I lived in Los Angeles in 1992 and saw my white neighbors run back to our apartment building with their looted clothes, but don’t recall seeing them on TV. I am tired. And numb. Where were these folks who are hopping up and down now when other blacks and browns were murdered with impunity? What are they doing other than offering “words of solidarity”— when they have the power to do something? I see “strong” statements from people who can implement changes that would help address racism—power players in universities, mass media and criminal justice. Still, they are not using their clout to create actual change. They are simply using Mr. Floyd’s death to sound “down” and “woke” while doing nothing to stem institutional racism.
Newly arrived from Antigua after living in Guyana and Canada, one of my earliest introductions to race in the United States was The Phil Donahue Show. Race, as it was conceptualized in America—had always puzzled me. Why were there black magazines as opposed to just magazines? Why were black Americans “always” talking about race? I was young enough not to presume that I knew the answers to those questions, and instead to mean them honestly—in other words, to be willing to seek answers and be willing to accept them, regardless of what they were. Ah, the innocence of youth!

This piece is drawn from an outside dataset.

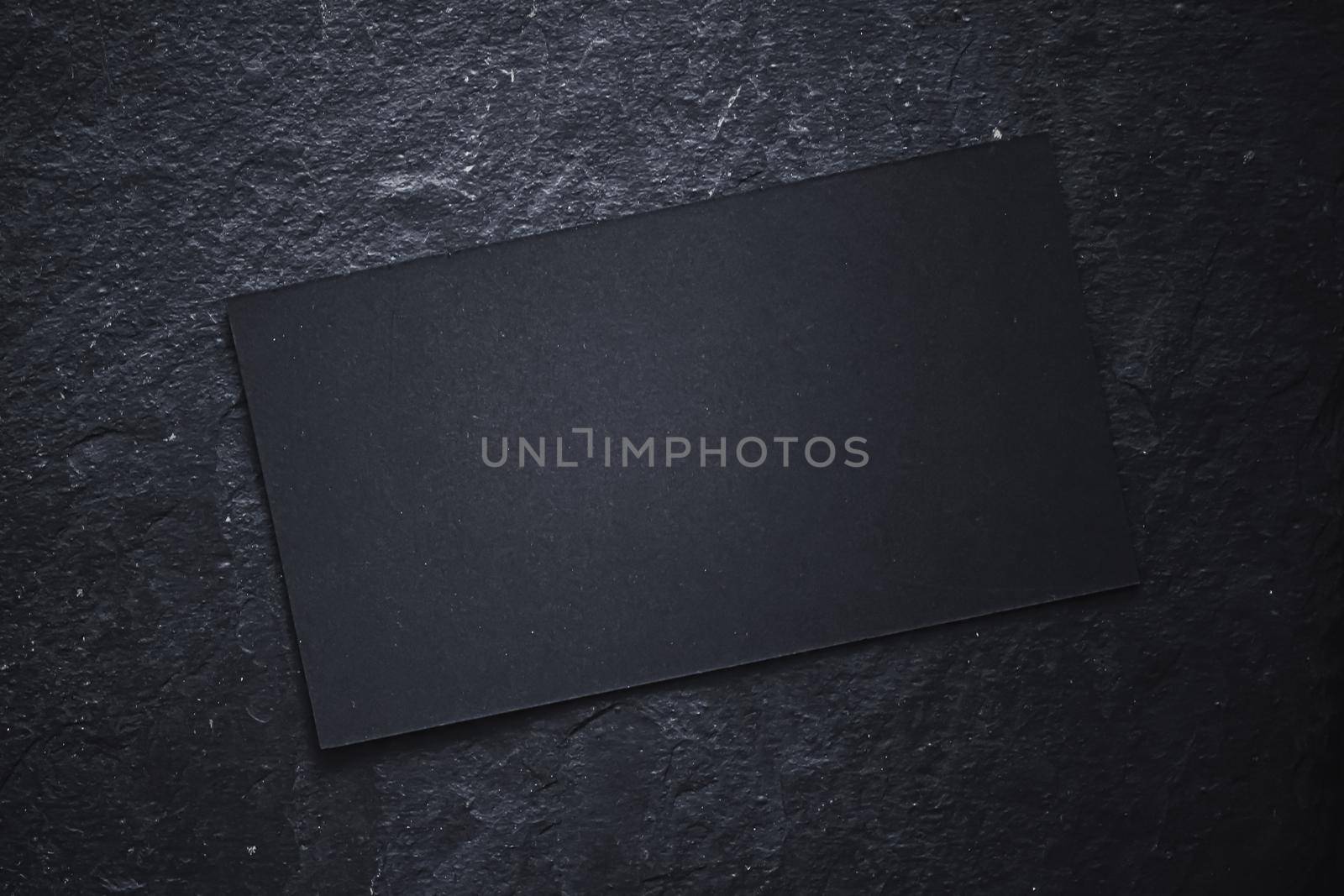 Black business card on dark stone flatlay background and sunlight shadows, luxury branding flat lay and brand identity design for mockups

On that April 1993 show, Blair Underwood was promoting The Second Coming, a short film in which he played Jesus. Okay, I thought. I’m no biblical scholar, but I reasoned that without any pictures to document it, Jesus could be any color. At the time, I was shocked at how apoplectic so many audience members were at the idea that a black man would portray the earthly son of God. The whole perplexing interlude was clarified for me when the very last commenter, a white audience member, stood up and said: “This issue is complex enough and if God is the end all and be all of salvation -- what difference is his color”? Exactly! So why can’t he be black, I thought. That comment exemplifies and illustrates much about what I have learned regarding race in America:
- Race does not matter—unless you are ‘marked’ by it as an ‘other’ by your skin. In effect, if you are anything but white, your race may be held against you.
- Whiteness is the default for acting parts, high-level jobs, symbols of goodness and power—including in stock photos, and emoticons.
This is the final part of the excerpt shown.